Per evidenziare il potere delle banche centrali rispetto agli asset rischiosi, mostriamo di seguito le dinamiche dei mercati dei titoli europei prima e dopo importanti sviluppi di politica monetaria (Figure 5, 6, 7 e 8). Con il price-to-book dell’indice MSCI Europe ai livelli bassi del 2011/12 (Figura 9) pensiamo che oggi le valutazioni tengano conto di stress sufficiente affinché le misure di easing delle banche centrali abbiano un effetto immediato e continuo.
In termini di implementazione di questa visione attualmente contraria, pensiamo che conti la qualità dell'”arca” che si può costruire. Crediamo che la differenziazione tra settori/stili di investimento continuerà a essere un tema forte, insieme alla prevalenza di fattori idiosincratici, e determinerà sia la volatilità che il profilo di rendimento a lungo termine di qualsiasi esposizione, soprattutto alla luce della realtà che le attuali turbative di liquidità hanno radici strutturali. Pensiamo pertanto che il semplice beta non sia adatto ad affrontare le sfide odierne e che una solida abilità gestionale possa fare molto per affrontare le complesse interconnessioni economiche e finanziarie globali.
Costruire un’arca (II) – Il fixed income dei mercati emergenti offre rendimento e supporto alle valutazioni, ma le recenti sfide spingono verso un approccio incentrato sui fondamentali
Con profili dei tassi d’interesse negativi del tutto intatti nei principali centri economici, un ulteriore easing da parte delle banche centrali sarà probabilmente un tema importante nel 2016. Ad alto livello, creerebbe un contesto che favorisce il bisogno di diversificazione (dati i rischi di coda tangibili) e la una ricerca di rendimento “prudente”. In termini di costruzione degli investimenti, significherebbe guardare a fonti di rendimento non tradizionali (come liquidità non correlate e strategie) e/o migliore implementazione, laddove il beta offre ancora un certo potenziale di rendimento a lungo termine. Su questo ultimo punto, con il rallentamento cinese accompagnato dal crollo dei prezzi degli asset dei mercati emergenti negli ultimi due anni e mezzo, gli asset EM hanno indubbiamente subito forti pressioni. Tuttavia, i dati sui flussi di capitale dell’IIF mostrano che gli investitori internazionali sono oggi sistematicamente sottopesati nei mercati emergenti, in un periodo in cui il profilo esterno di diversi mercati in via di sviluppo inizia a migliorare (figura 10), mentre gli indicatori basati sulle valutazioni iniziano a evidenziare segnali di un profondo divario tra fair value e valori correnti (soprattutto se parliamo di FX). Per quanto riguarda la Cina, continuiamo a pensare che i timori di un tracollo finanziario siano esagerati, vista l’ampia gamma di misure di protezione a disposizione delle autorità e che potranno essere usate per arrestare la perdita di fiducia nella valuta locale da parte dei cittadini (Emerging Markets: Challenges versus Opportunities).

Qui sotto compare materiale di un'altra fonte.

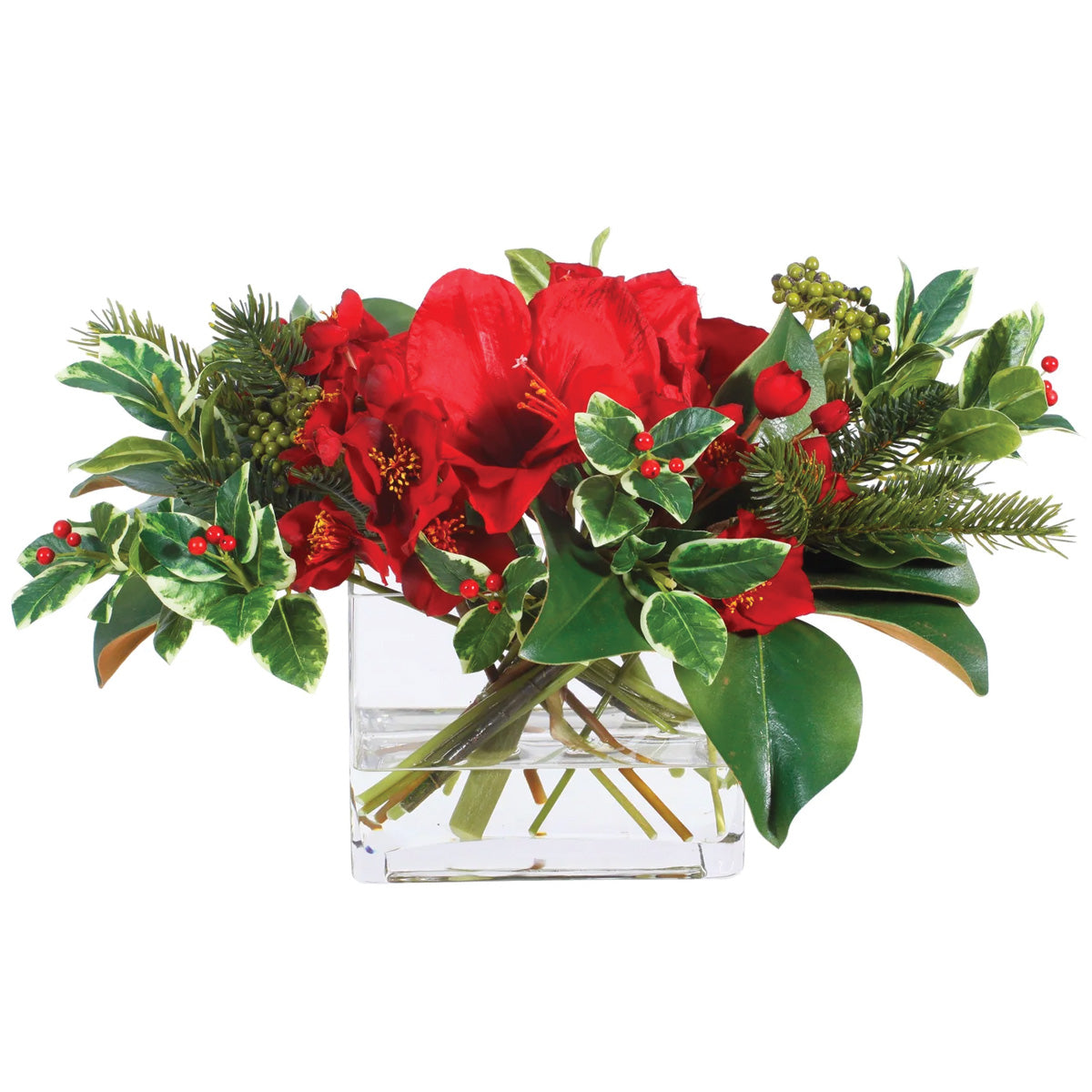 Red Holiday Amaryllis  and Holly in Vase Large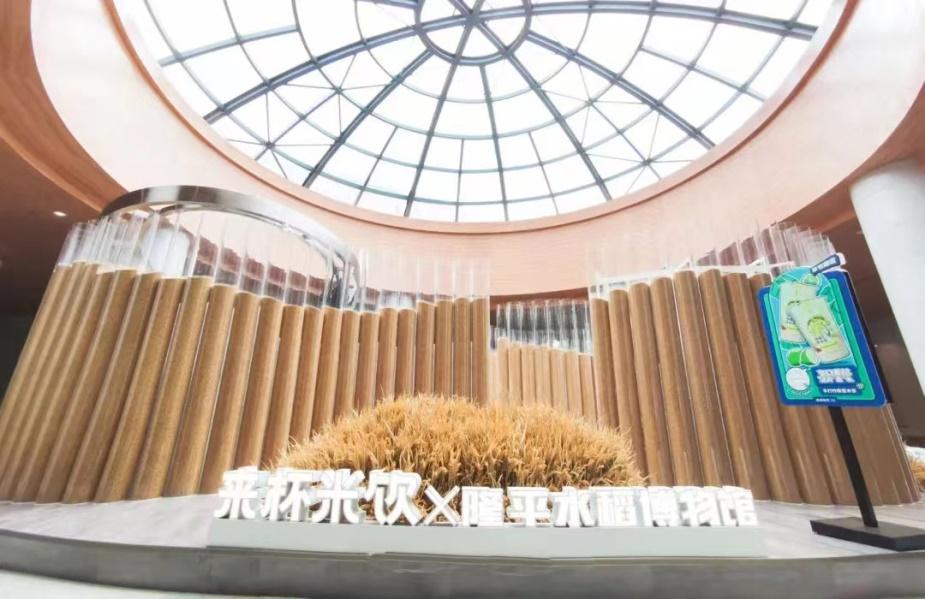 芙蓉古镇旅游必备美食推荐,芙蓉古城有什么好吃的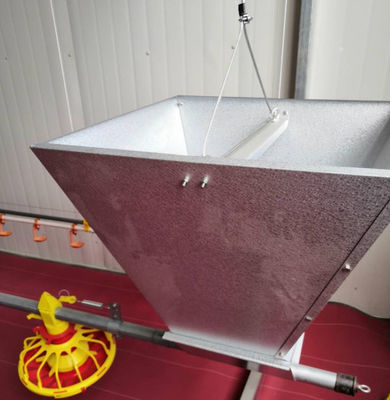 Ligne d'alimentation automatique pour poulets de chair/poulets/volailles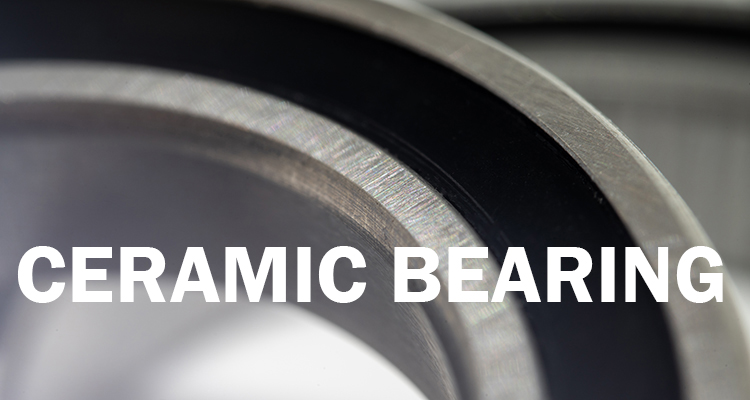 HSC Ceramic Bearing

In questo contesto, pensiamo che nei prossimi mesi la liquidità in più disponibile nelle economie avanzate probabilmente troverà la propria strada verso i mercati emergenti, vista la minore proprietà straniera e gli interessanti profili di rendimento offerti dall’asset class in un mondo di tassi d’interesse negativi profondi e diffusi (Figura 11). Questo tipo di cuscinetto esiste anche nello spazio azionario dei mercati emergenti, dove vediamo valutazioni interessanti, soprattutto se raffrontate ai mercati sviluppati.